[[ SOURCE MATERIAL open ]]

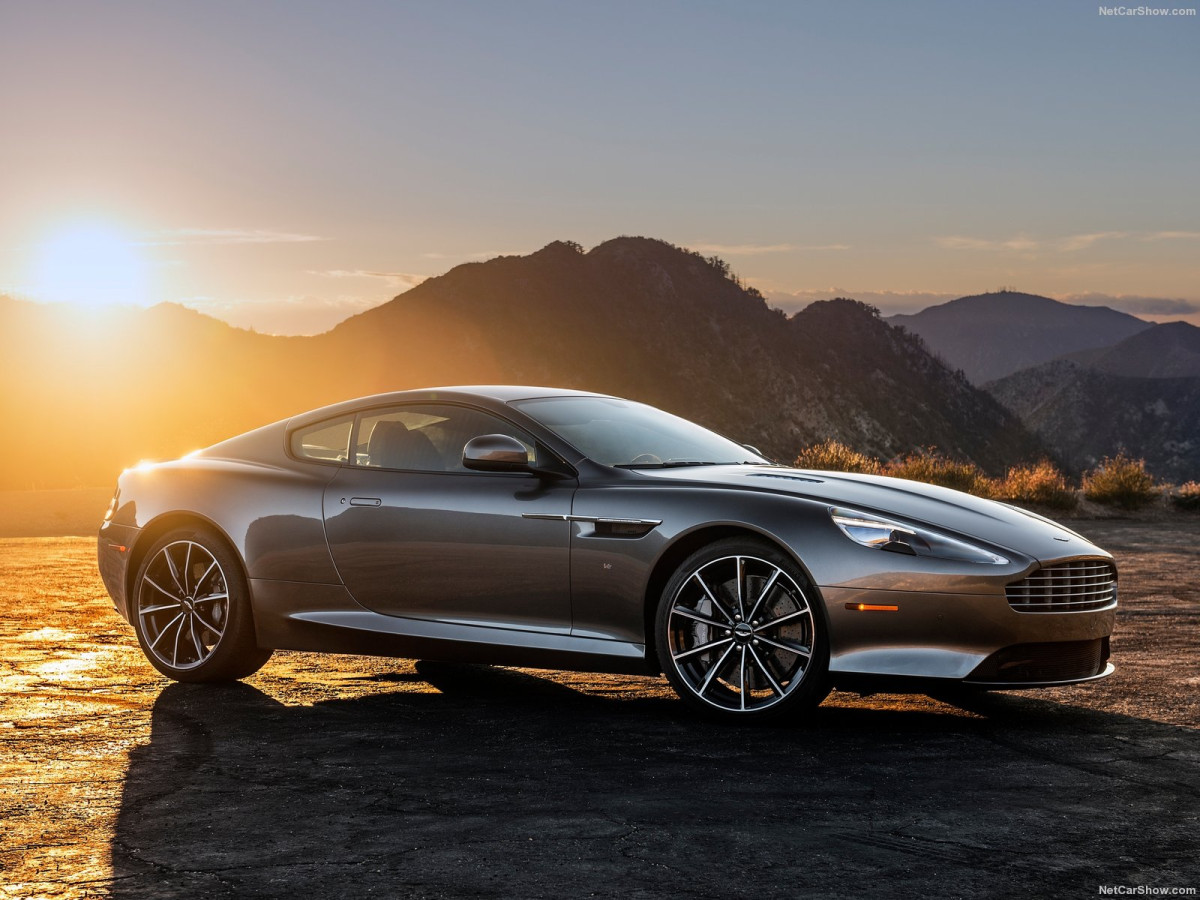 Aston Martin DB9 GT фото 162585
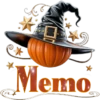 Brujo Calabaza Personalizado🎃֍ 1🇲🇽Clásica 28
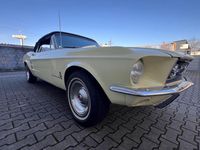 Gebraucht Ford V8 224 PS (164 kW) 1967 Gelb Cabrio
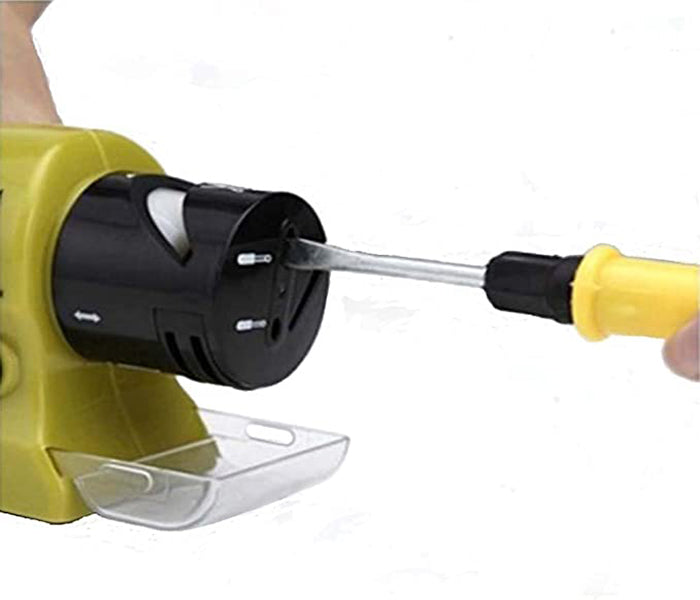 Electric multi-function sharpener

[[ SOURCE MATERIAL closed ]]
[[ SOURCE MATERIAL open ]]

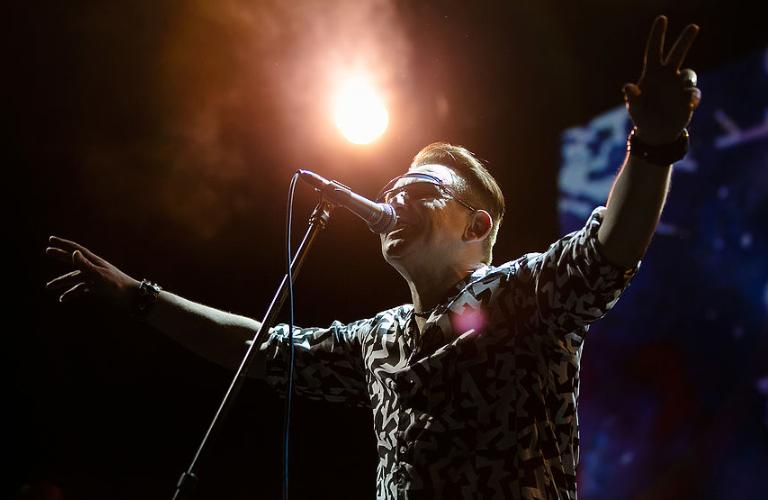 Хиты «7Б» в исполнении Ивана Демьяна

[[ SOURCE MATERIAL closed ]]

> [YOUR GOAL] In the listing above, find the line containing "Aston Martin DB9 GT фото 162585" and the line containing "Electric multi-function sharpener", then output those two lines and everything between them exactly as written, without the images.

> [EXERCISE OUTPUT]
 Aston Martin DB9 GT фото 162585
 Brujo Calabaza Personalizado🎃֍ 1🇲🇽Clásica 28
 Gebraucht Ford V8 224 PS (164 kW) 1967 Gelb Cabrio
 Electric multi-function sharpener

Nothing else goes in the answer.